### Task to complete
Word for word, output the data, with none of its pictures.

[Image-text web data]
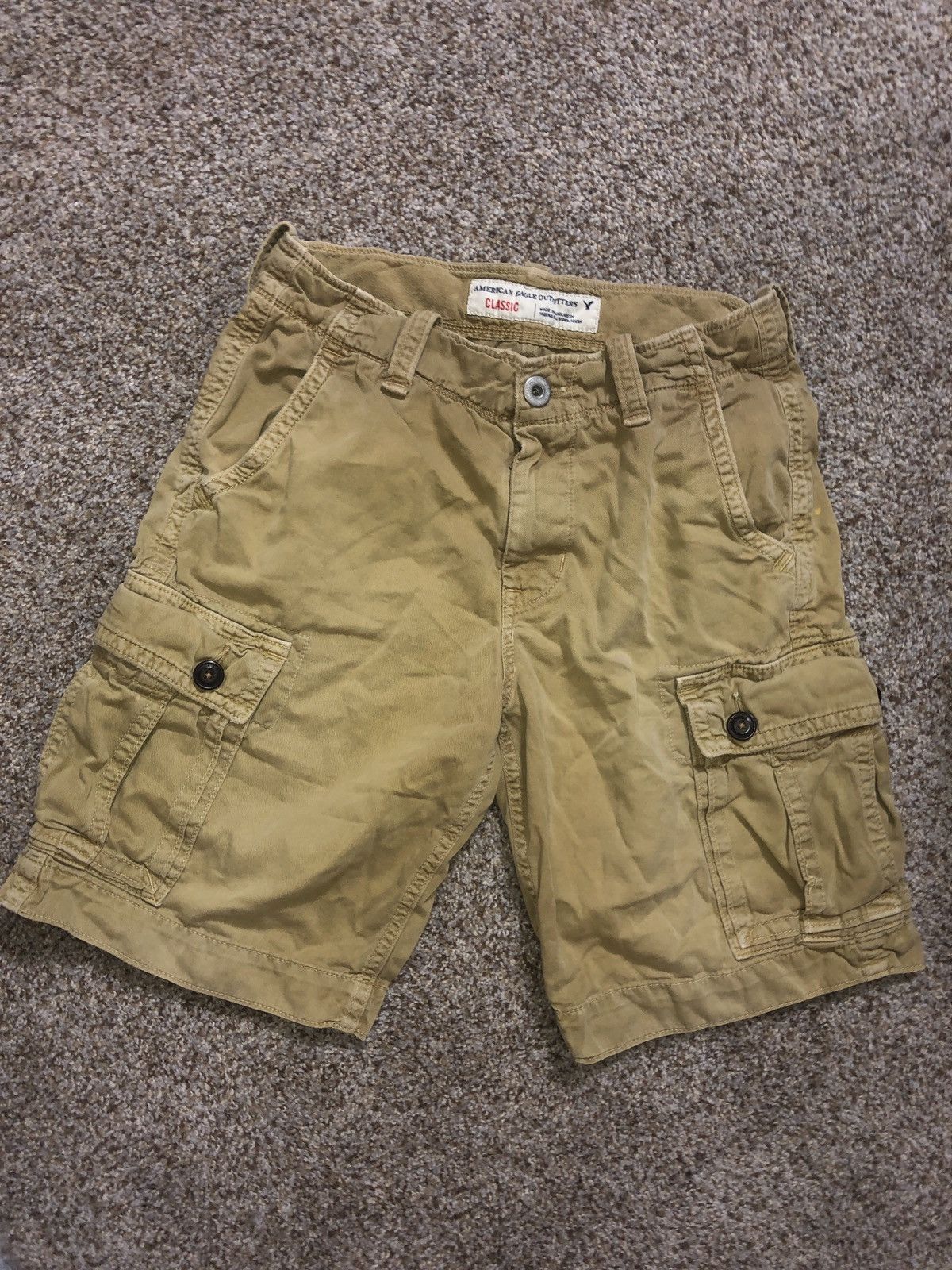 American eagle classic cargo shorts online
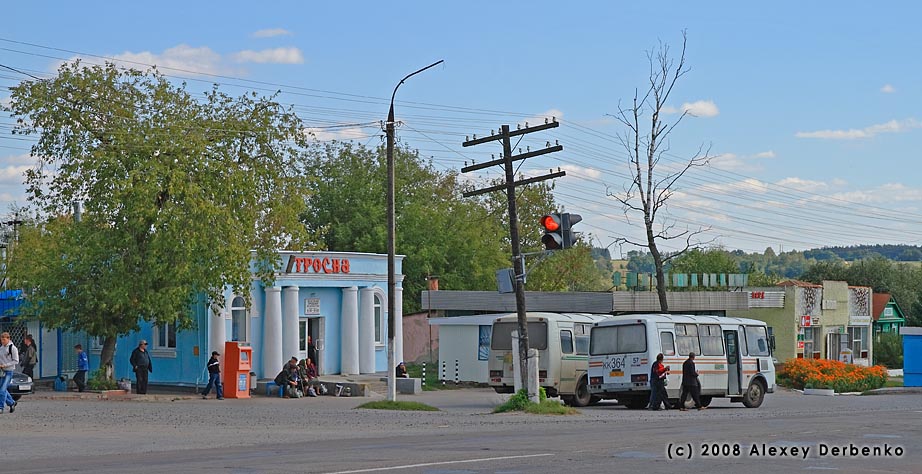 Автовокзал
(Орловская область, Троснянский район, поселок Тросна)
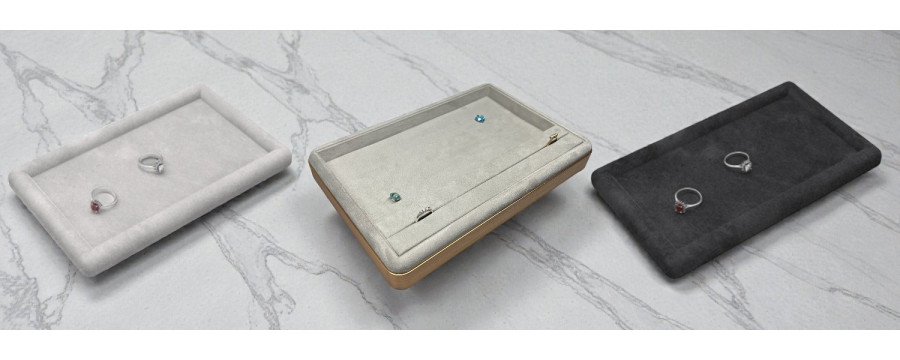 Vassoi per selezione e esposizione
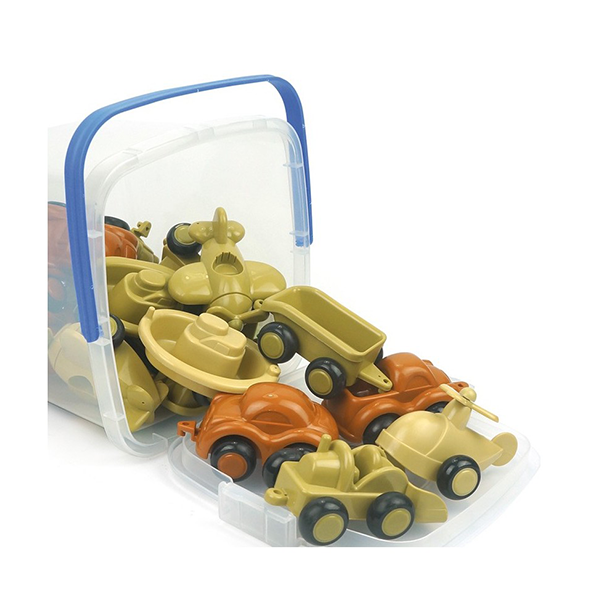 Ecoline chubbies 10 cm. Cubo 15 u.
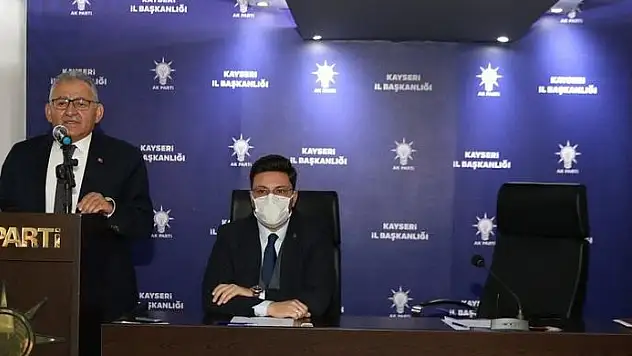BAŞKAN BÜYÜKKILIÇ: 'BİZİM DAĞIMIZ ERCİYES, AĞAMIZ ERDOĞAN'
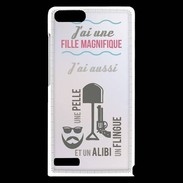 Coque Huawei Ascend G6 J'ai une fille ZG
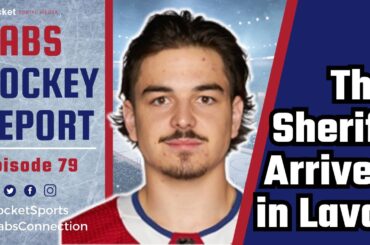 Arber Xhekaj Speaks After His First Week in the AHL | Habs Hockey Report | Montreal Canadiens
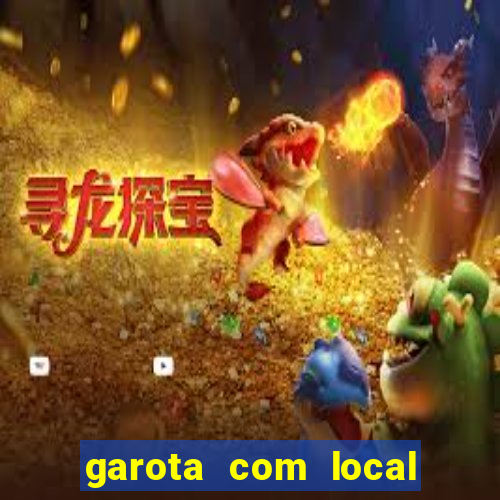 garota com local em santos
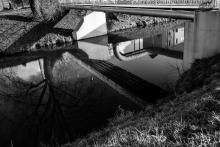 Řeka byla toho dne jako zrcadlo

### Solution to the problem
 American eagle classic cargo shorts online
 Автовокзал
(Орловская область, Троснянский район, поселок Тросна)
 Vassoi per selezione e esposizione
 Ecoline chubbies 10 cm. Cubo 15 u.
BAŞKAN BÜYÜKKILIÇ: 'BİZİM DAĞIMIZ ERCİYES, AĞAMIZ ERDOĞAN'
 Coque Huawei Ascend G6 J'ai une fille ZG
 Arber Xhekaj Speaks After His First Week in the AHL | Habs Hockey Report | Montreal Canadiens
 garota com local em santos
 Řeka byla toho dne jako zrcadlo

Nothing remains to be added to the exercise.